Licencié en histoire à la Sorbonne, formé à l’égyptologie à Genève, puis encouragé par Diop lors de leur première rencontre en 1967, il signe en 1973 « L’Afrique dans l’Antiquité », ouvrage salué pour sa rigueur philologique. Au colloque de l’UNESCO sur la vallée du Nil (Le Caire, 1974), sa défense de la nature négro-africaine de l’Égypte ancienne suscite un débat qui, aujourd’hui encore, alimente la recherche comparative. Directeur du Centre International des Civilisations Bantu dans les années 1980, ministre de la Culture ensuite, professeur invité aux États-Unis, l’universitaire incarne la circulation des savoirs entre continents. Son parcours témoigne d’une diplomatie intellectuelle avant la lettre, où la mobilité du chercheur fait écho au dialogue interculturel promu par l’Union africaine.
L’hommage comme instrument de soft power national
En décorant l’un des derniers témoins directs de l’École africaine d’égyptologie, Brazzaville inscrit sa politique culturelle dans la durée. La République conjugue ainsi mémoire et projection stratégique : mémoire d’un itinéraire d’exception, projection vers un repositionnement du pays au sein des réseaux universitaires mondiaux. Le secrétaire général du ministère des Affaires étrangères a rappelé qu’« en faisant rayonner un érudit de ce calibre, le Congo promeut un soft power fondé sur la connaissance plutôt que sur la seule ressource pétrolière ».
L’impact diplomatique se mesure déjà : l’Université Marien-Ngouabi négocie un partenariat renforcé avec l’Institut Khéops du Caire, tandis qu’une chaire « Civilisations Bantu et Humanités numériques » devrait voir le jour sous l’égide conjointe de l’UNESCO et de l’Union africaine. L’élévation d’Obenga à la dignité de Grand-Croix légitime ces initiatives, en offrant un visage familier aux bailleurs internationaux. Pour le gouvernement congolais, il s’agit aussi d’adresser un message à sa jeunesse : la réussite académique et l’engagement panafricaniste sont des voies d’ascension citoyenne reconnues par l’État.
Vers une génération héritière
La présence, ce 25 juillet, de plusieurs associations étudiantes avait valeur de promesse. Dans son allocution, le Professeur Obenga a exhorté les nouvelles générations à se saisir des « archives endormies de notre continent » et à tisser un « contrat social africain pour le XXIᵉ siècle ». Son propos s’inscrit dans la lignée de son essai de 2007 qui appelait à conjuguer souveraineté culturelle et intégration économique.

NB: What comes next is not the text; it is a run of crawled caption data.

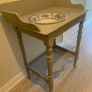Wash Stand and Bowl Image 3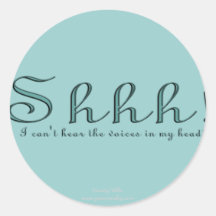 Shhh Etiquetas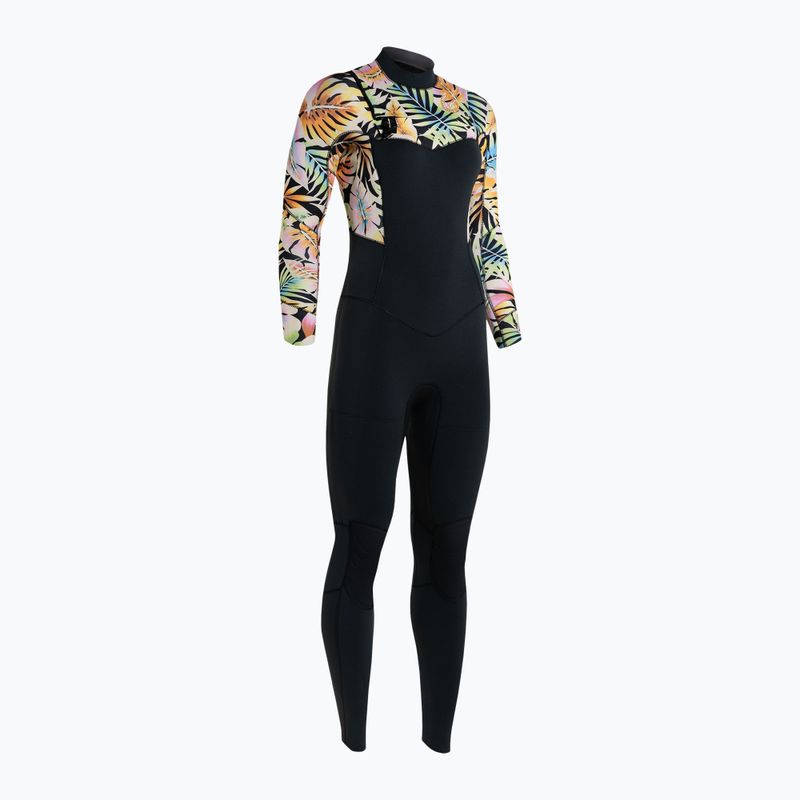 Dámsky neoprénový oblek Billabong 4/3 Salty Dayz F L/SL paradise black
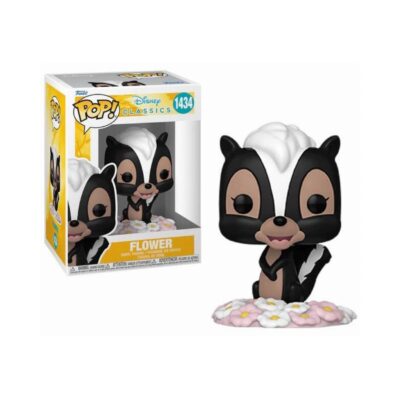 Funko Pop! Disney: Bambi 80th Anniversary - Flower #1434 Vinyl Figure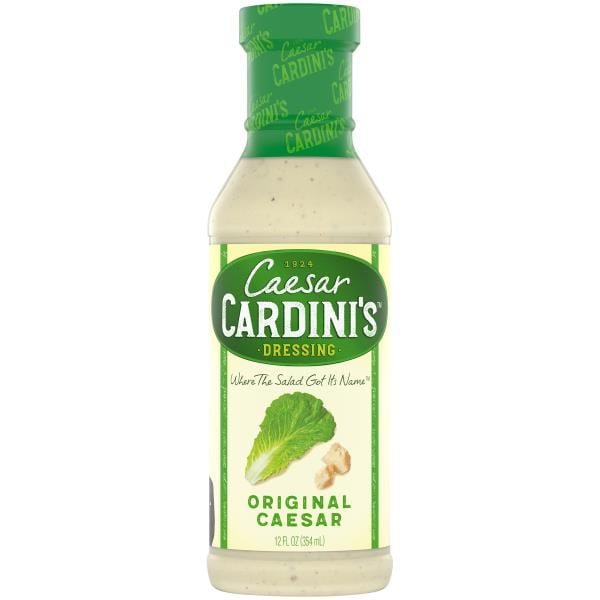 Cardini's Dressing, Original Caesar | Publix Super Markets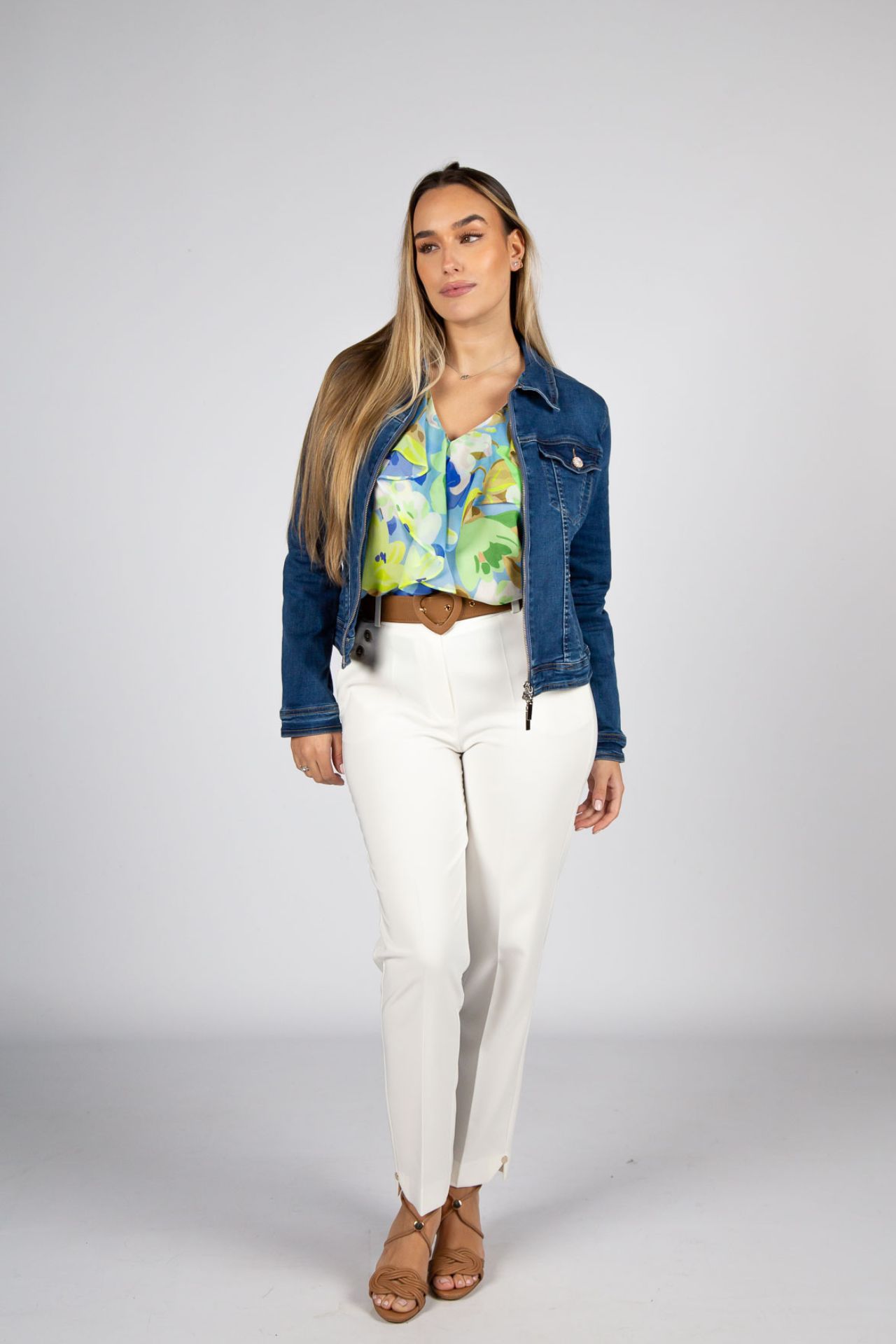 Denim jacket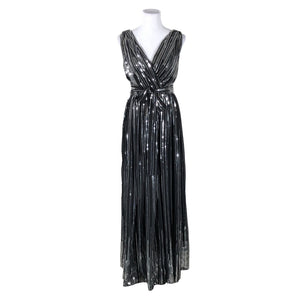 Unisex City Goddess - Õhtukleit, suurus 38 - Must (1)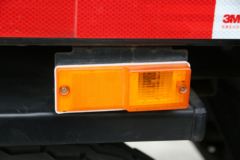 中国重汽成都商用车 V7-X 31T 8X4 5.6米换电式纯电动自卸车423kWh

Au-delà de la célébration, la cérémonie brazzavilloise pose donc les jalons d’un agenda : investir dans la recherche fondamentale pour mieux peser sur les normes internationales.
Le gouvernement, de son côté, a annoncé la réhabilitation prochaine du Centre international des civilisations bantu, programme inscrit dans le Plan national de développement. En érigeant l’hommage individuel en catalyseur collectif, Brazzaville fait le pari qu’une nation se raconte au prisme de ses savants. Il appartiendra aux universitaires congolais de prolonger cette dynamique, afin que l’œuvre d’Obenga ne demeure pas seulement un patrimoine, mais devienne une méthodologie pour penser l’Afrique de demain.